Developer Tools

trunk/1b868a96e4bbe302d2078d1e0e9e7355a55330ec: [bug][ROCm][inductor] accept 1D bias in addmm ATen heuristic (#179087)

A critical bug in PyTorch's Inductor compiler was blocking AMD GPU users from optimal performance.

Deep Dive

The PyTorch development team has resolved a significant bug in its Inductor compiler, a core component for accelerating PyTorch models. The issue, tracked as PR #179087, specifically affected users running PyTorch on AMD GPUs via the ROCm software stack. The bug was inadvertently introduced in an earlier optimization pull request (#177130) and prevented the Inductor's ATen operation heuristic from correctly accepting a 1-dimensional bias tensor in `addmm` (matrix multiplication with addition) operations. This blocked a key optimization path.

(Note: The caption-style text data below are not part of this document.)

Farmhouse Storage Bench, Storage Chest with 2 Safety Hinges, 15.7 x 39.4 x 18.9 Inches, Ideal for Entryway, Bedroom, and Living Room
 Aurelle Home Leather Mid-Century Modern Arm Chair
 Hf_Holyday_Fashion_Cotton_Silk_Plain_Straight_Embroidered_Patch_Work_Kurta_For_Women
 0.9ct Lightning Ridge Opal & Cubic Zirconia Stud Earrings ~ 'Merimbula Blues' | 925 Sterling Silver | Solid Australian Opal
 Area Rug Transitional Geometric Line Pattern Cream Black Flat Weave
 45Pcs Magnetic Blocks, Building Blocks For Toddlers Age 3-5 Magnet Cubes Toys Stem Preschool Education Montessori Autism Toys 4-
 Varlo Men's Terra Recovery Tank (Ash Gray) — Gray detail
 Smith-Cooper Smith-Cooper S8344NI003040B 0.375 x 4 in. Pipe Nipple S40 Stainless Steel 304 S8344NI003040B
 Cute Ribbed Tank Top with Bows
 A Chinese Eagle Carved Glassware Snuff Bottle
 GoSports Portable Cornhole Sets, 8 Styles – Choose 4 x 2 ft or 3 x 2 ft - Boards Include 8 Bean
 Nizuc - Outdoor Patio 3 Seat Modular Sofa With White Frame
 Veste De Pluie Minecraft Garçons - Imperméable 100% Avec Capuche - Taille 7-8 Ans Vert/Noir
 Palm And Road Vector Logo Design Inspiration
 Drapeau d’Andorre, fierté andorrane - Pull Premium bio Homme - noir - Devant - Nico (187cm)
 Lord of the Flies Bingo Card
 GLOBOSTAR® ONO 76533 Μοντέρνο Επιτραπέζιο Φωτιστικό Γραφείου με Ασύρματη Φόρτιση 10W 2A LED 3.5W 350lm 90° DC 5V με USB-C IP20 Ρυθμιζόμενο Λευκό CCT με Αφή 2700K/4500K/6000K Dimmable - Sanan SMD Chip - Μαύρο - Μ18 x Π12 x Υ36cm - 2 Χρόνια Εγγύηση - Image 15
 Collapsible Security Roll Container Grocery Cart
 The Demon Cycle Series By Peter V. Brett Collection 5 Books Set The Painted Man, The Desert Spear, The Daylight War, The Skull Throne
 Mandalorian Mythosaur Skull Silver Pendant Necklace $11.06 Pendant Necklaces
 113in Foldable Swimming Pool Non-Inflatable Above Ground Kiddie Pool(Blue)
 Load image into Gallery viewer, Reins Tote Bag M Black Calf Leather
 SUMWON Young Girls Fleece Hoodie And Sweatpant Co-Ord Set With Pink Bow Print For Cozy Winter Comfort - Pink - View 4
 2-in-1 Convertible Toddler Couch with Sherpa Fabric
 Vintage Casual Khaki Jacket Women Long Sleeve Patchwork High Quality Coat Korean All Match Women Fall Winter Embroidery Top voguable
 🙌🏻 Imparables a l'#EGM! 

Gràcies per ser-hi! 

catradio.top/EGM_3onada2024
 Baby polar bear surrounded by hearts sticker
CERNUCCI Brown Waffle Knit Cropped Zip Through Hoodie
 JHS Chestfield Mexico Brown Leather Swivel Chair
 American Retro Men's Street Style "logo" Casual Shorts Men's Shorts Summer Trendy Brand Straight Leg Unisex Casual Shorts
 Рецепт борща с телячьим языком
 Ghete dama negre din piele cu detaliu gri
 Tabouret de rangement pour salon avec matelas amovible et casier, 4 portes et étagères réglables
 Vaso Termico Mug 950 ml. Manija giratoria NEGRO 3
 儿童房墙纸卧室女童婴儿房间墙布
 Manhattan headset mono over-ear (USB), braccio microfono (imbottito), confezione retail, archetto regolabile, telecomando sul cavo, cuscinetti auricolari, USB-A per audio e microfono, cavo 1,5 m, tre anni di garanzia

This fix is critical because the `bias_addmm` heuristic is a performance optimization that fuses a bias addition operation into a preceding matrix multiplication. When this heuristic fails, models fall back to slower execution paths, directly impacting training and inference speed. The patch, contributed by AMD engineer naromero77amd, ensures ROCm's native 1D bias format is accepted, restoring the optimization while improving the associated unit test. The fix was approved and merged into PyTorch's main development trunk, highlighting the ongoing collaboration to improve performance on alternative hardware platforms like AMD.

Key Points
  • Fixes a regression bug (PR #179087) in PyTorch's Inductor compiler for AMD ROCm users.
  • Restores the `bias_addmm` optimization heuristic for 1D bias tensors in matrix multiplications.
  • Addresses an issue introduced in a prior PR (#177130), ensuring optimal performance on AMD GPUs.

Why It Matters

This fix directly impacts the speed and efficiency of AI model training and inference for developers using PyTorch on AMD hardware.